B. a. Par acte expédié le 7 avril 2025, A______ a formé une plainte au sens de l'art. 17 LP contre les deux commandements de payer, poursuites nos 2______ et 3______, concluant à la constatation de leur nullité, subsidiairement à leur annulation, leur notification en mains de son avocat étant irrégulière puisqu'ils auraient dû lui être notifiés à son domicile en Grande-Bretagne selon les règles de l'entraide en matière civile.
b. Sa requête tendant à l'octroi de l'effet suspensif à sa plainte a été rejetée par ordonnance du 8 avril 2025.
c. Dans son rapport établi le 29 avril 2025, l'Office a conclu au rejet de la plainte.
La notification des commandements de payer en mains du conseil du plaignant bénéficiant d'une procuration générale était valable. Même si cette notification devait être considérée comme viciée, elle ne serait alors pas frappée de nullité puisque l'acte était parvenu à la connaissance du débiteur. Elle ne devrait en outre pas être annulée sur plainte, puisque le plaignant n'a subi aucun préjudice dès lors qu'il y a formé opposition.
d. E______ SA s'est déterminée le 6 mai 2025, concluant au rejet de la plainte.
Elle a, par courrier du 21 octobre 2025, relevé que le poursuivi s'était acquitté de la somme de 21'499 fr. 59 le 7 avril 2025 et que cette somme correspondait à la garantie de loyer visée par les poursuites nos 2______ et 3______. Elle considérait dès lors ces poursuites comme étant sans objet, formulant en revanche des conclusions tendant à ce que les frais des poursuites et de la procédure de plainte soient mis à la charge du plaignant et que des dépens lui soient alloués.

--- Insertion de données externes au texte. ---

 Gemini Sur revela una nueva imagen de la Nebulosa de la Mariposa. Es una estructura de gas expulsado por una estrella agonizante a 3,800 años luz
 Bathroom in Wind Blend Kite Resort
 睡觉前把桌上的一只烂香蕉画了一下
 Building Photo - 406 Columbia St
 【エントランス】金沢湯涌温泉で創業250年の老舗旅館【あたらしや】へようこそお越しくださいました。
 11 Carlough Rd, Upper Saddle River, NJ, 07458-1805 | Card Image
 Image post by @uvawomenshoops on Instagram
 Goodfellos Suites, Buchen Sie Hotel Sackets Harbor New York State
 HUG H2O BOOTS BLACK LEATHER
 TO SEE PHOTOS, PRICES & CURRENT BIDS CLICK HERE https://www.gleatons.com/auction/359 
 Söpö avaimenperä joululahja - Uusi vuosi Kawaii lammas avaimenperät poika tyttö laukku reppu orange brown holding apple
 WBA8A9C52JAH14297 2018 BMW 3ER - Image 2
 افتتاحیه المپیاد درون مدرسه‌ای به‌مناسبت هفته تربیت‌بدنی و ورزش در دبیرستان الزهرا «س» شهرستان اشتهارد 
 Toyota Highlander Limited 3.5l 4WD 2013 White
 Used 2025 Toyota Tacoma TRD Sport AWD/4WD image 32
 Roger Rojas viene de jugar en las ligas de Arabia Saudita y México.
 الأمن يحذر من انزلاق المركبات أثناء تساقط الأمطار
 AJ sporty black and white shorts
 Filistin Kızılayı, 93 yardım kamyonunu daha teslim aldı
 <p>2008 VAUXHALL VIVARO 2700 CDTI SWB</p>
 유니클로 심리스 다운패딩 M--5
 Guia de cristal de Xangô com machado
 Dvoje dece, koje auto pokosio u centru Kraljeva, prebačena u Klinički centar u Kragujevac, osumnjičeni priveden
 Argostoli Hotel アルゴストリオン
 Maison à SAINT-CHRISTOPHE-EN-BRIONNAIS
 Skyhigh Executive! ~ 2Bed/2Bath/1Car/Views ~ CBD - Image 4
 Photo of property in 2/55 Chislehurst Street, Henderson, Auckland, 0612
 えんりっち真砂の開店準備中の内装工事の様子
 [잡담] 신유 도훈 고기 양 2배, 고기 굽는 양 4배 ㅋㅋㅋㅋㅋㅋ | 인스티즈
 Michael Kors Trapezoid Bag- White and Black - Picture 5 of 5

e. A______ s'est déterminé le 4 novembre 2025, persistant dans les conclusions de sa plainte.
Considérants
1. Déposée en temps utile (art. 17 al. 2 LP) et dans les formes prévues par la loi (art. 9 al. 1 et 2 LALP; art. 65 al. 1 et 2 LPA, applicables par renvoi de l'art. 9 al. 4 LALP), auprès de l'autorité compétente pour en connaître (art. 6 al. 1 et 3 LALP; art. 17 al. 1 LP), à l'encontre d'une mesure de l'Office pouvant être attaquée par cette voie (art. 17 al. 1 LP) et par une partie lésée dans ses intérêts (ATF 138 III 219 consid. 2.3; 129 III 595 consid. 3; 120 III 42 consid. 3), la plainte est recevable.
Contrairement à ce que soutient l'intimée, la plainte n'est pas devenue sans objet, le plaignant conservant un intérêt à sa plainte dans la mesure où la poursuivante n'a pas retiré les poursuites qu'elle a engagées à son encontre.
2. Le plaignant demande à la Chambre de surveillance de constater la nullité, subsidiairement d'annuler les deux commandements de payer litigieux, au motif que leur notification auprès de son conseil était viciée.
2.1.1 Les actes de poursuite sont notifiés au débiteur dans sa demeure ou à l'endroit où il exerce habituellement sa profession; s'il est absent, l'acte peut être remis à une personne adulte de son ménage ou à un employé (art. 64 al. 1 LP).
2.1.2 La jurisprudence admet qu'une telle notification puisse intervenir en mains d'un représentant conventionnel du poursuivi (p. ex. un avocat), pour autant que le représentant conventionnel ainsi désigné soit au bénéfice d'une procuration générale ou d'une procuration portant expressément sur la réception, pour le compte du débiteur, d'actes de poursuite (ATF 43 III 18 consid. 3; arrêt du Tribunal fédéral 5A_45/2015 du 20 avril 2015 consid. 3.2 et références citées). La portée de la procuration est établie selon les règles prévalant en général, spécialement au regard du principe de la confiance (arrêt du Tribunal fédéral 5A_45/2015 précité, consid. 3.2; Donzallaz, La notification en droit interne suisse, 2002, § 790 p. 409).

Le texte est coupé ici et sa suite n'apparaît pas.